Counsel: G. Cacciola, for the Applicant H. Dhaliwal, for the Respondent
Heard: December 13, 2018
Endorsement
Introduction
[1] On March 28, 2017, Robert Zeppieri and Anna Zeppieri reached Minutes of Settlement. On consent and on the same date, Fitzpatrick J. made an order in accordance with the Minutes of Settlement (the “Order”). Shortly thereafter, Anna Zeppieri sought and was granted leave to bring a motion to set aside the Order.
[2] Robert Zeppieri seeks to recover the costs he incurred in anticipation of the motion to set aside which she threatened but never brought. Mr. Zeppieri shall recover costs incurred in efforts to encourage Anna Zeppieri to clarify her position on whether she still intended to proceed with her motion. He shall not recover costs for preparing material in anticipation of a motion never brought. Mr. Zeppieri is not entitled to costs incurred in anticipation of a further step in the case that never took place. Ms. Zeppieri’s actions rendered efforts undertaken to reach the settlement and obtain the Order unproductive. Her behaviour was unreasonable.
Background Facts
[3] On March 28, 2017, a Case Conference took place. Fitzpatrick J. provided extensive assistance to the parties. After protracted negotiations, the parties entered into Minutes of Settlement on the same day. On consent, Fitzpatrick J. issued the Order.

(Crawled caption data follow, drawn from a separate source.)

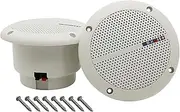 HiQltyla 5.25 Inch Waterproof Marine Boat RV Hot Tub Outdoor Speaker, WEAH-400 25 Watt Dual Cone 2 Way Full Range White Color (Sold as a Pair)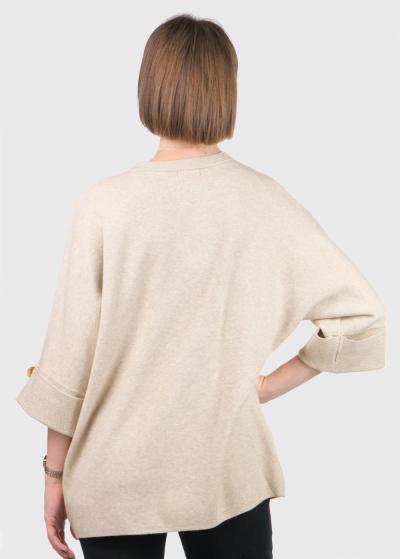 Pamela бежевый свитер с карманом - back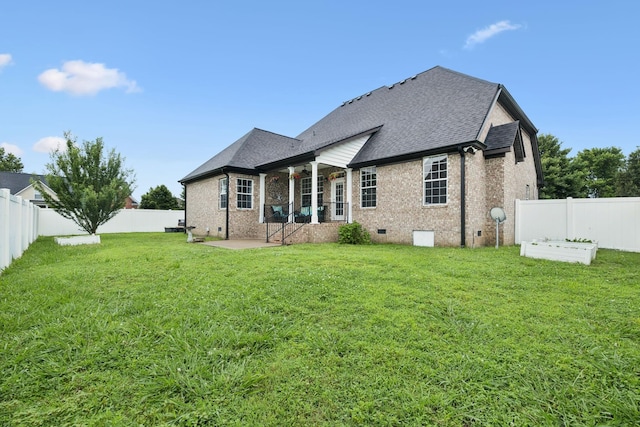 3002 Stow Xing, Murfreesboro, TN 37128 - back of property featuring crawl space, a fenced backyard, brick siding, a shingled roof, and a patio area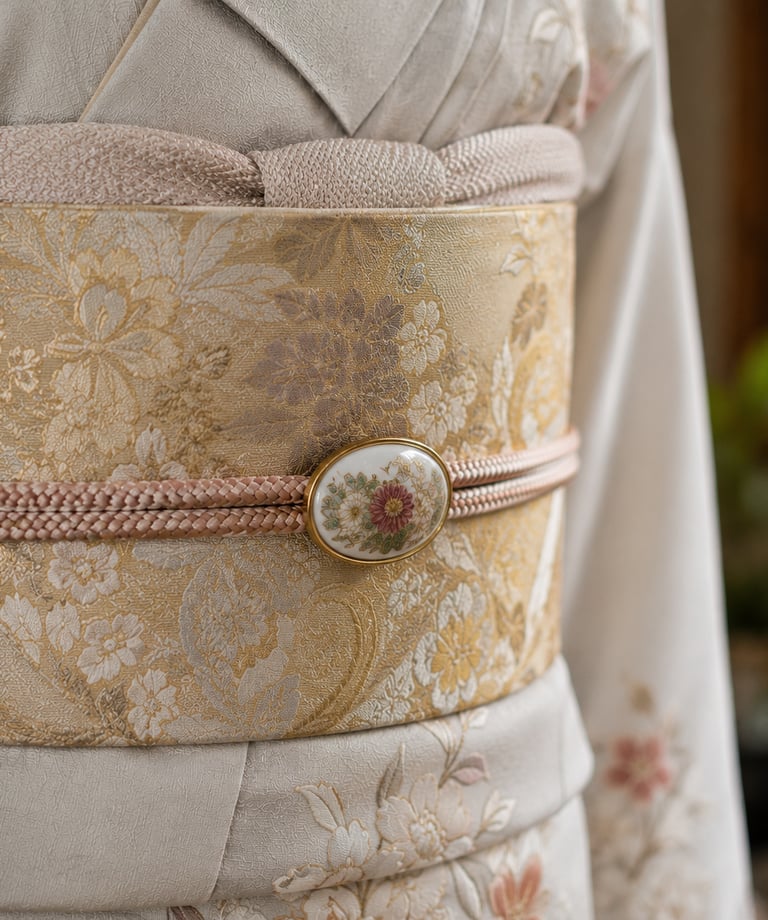 Close-up of a traditional Japanese silk kimono with a floral gold obi belt and decorative obidome accessory.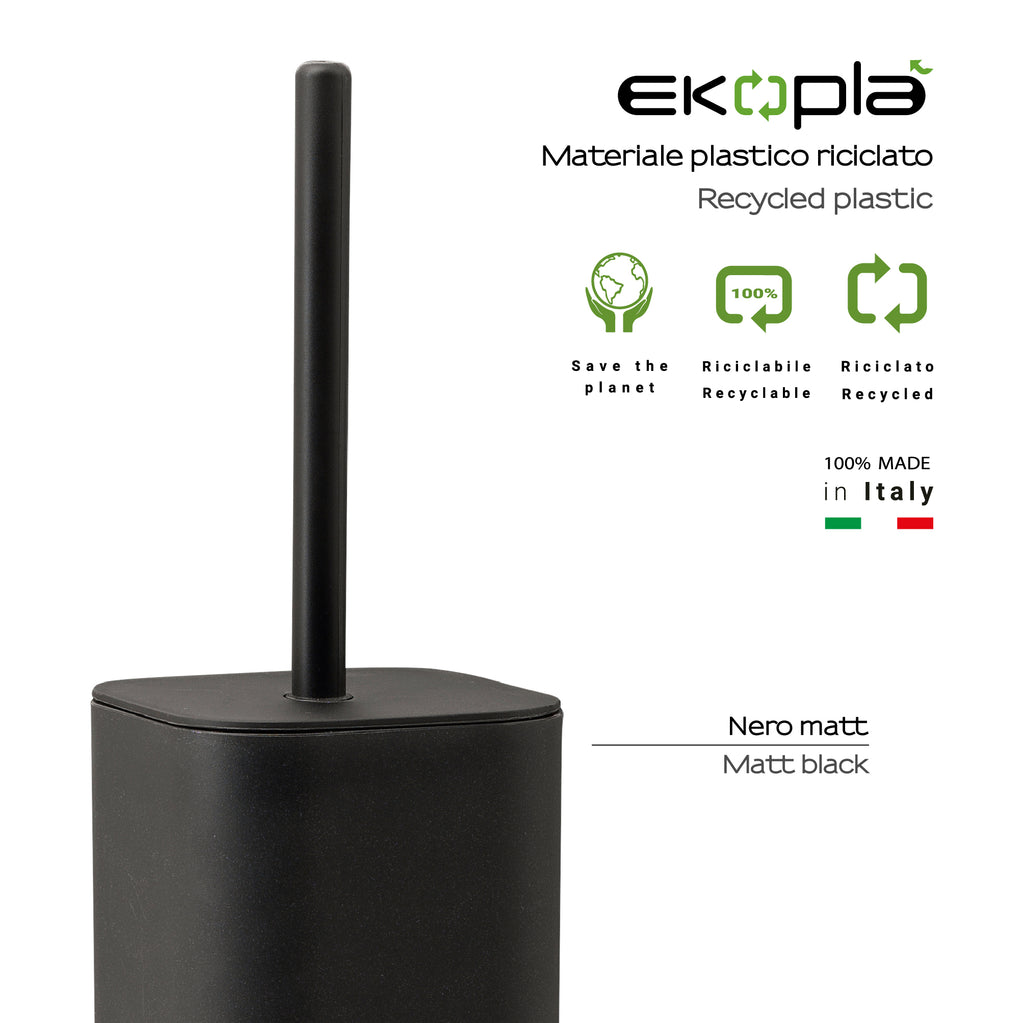 Scopino in materiale plastico riciclato Gedy serie Seventy EkoplÃ  - Nero Matt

[4] Subsequently, Anna Zeppieri informed Robert Zeppieri that she will seek leave to set aside the Order. She said she was suffering from anxiety and depression at the time the Minutes of Settlement were reached and this compromised her ability to make decisions. She also alleged that Robert Zeppieri had failed to provide full financial disclosure.
[5] On July 5, 2017, Fitzpatrick J. granted Anna Zeppieri leave to bring a motion to set aside the Order (leave to set aside). Fitzpatrick J. ordered that a Case Conference must be held before this motion was heard. This Case Conference was scheduled for February 1, 2018. Anna Zeppieri did not attend. She sent her (now deceased) brother in her stead. He produced a Power of Attorney authorising him to act on her behalf. Anna Zeppieri was allegedly ill. Price J. ordered her to pay $1,500 in costs forthwith for failing to provide any notice of her inability to attend or to provide a reasonable explanation for her failure to do so. Price J. rescheduled the Case Conference to March 9, 2018. This was to allow Anna Zeppieri time to arrange for a court-appointed litigation guardian. Anna Zeppieri’s motion to set aside the Order was scheduled for August 1, 2018.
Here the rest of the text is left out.